## Exercise
Please set down, word for word, each line from the one containing "Βρεφικός υπνόσακος Konges" through the final line of the records below, both included, and nothing else.

## Given data
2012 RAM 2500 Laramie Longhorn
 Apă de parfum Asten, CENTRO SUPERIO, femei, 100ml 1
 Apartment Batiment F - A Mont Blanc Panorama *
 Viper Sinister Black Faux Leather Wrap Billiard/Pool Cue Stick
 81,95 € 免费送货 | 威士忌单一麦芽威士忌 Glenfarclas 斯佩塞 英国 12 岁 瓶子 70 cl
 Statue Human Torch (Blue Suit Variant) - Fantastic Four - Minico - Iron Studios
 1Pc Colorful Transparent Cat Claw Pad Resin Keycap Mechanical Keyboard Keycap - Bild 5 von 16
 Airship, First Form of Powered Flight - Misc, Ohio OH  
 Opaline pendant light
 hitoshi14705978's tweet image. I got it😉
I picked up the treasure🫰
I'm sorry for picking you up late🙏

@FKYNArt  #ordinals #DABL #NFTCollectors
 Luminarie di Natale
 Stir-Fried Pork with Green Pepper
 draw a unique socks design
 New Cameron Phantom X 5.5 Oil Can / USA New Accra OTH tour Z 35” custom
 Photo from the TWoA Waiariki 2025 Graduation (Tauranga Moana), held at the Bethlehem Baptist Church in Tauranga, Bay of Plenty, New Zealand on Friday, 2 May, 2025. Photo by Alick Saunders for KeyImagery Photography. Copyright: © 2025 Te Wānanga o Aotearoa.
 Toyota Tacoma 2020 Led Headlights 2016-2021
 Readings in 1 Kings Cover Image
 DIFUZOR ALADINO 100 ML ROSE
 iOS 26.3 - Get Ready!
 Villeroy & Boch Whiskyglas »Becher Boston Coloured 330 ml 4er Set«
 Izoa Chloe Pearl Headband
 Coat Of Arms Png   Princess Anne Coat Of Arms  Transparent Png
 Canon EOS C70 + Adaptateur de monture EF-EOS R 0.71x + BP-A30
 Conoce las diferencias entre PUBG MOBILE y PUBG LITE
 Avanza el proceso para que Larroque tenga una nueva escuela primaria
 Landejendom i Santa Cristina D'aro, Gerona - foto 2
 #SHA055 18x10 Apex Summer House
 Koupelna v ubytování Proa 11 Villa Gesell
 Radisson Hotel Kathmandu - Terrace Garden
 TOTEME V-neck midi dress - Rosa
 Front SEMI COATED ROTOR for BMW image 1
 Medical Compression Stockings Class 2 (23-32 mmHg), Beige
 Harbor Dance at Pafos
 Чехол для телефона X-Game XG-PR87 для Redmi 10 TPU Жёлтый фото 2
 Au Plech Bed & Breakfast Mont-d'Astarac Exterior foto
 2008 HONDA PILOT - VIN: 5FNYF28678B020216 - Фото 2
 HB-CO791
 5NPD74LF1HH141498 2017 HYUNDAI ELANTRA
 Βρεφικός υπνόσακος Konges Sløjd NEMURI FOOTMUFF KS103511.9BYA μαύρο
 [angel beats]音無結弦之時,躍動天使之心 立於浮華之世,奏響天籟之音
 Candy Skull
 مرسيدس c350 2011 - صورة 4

## Worked solution
 Βρεφικός υπνόσακος Konges Sløjd NEMURI FOOTMUFF KS103511.9BYA μαύρο
 [angel beats]音無結弦之時,躍動天使之心 立於浮華之世,奏響天籟之音
 Candy Skull
 مرسيدس c350 2011 - صورة 4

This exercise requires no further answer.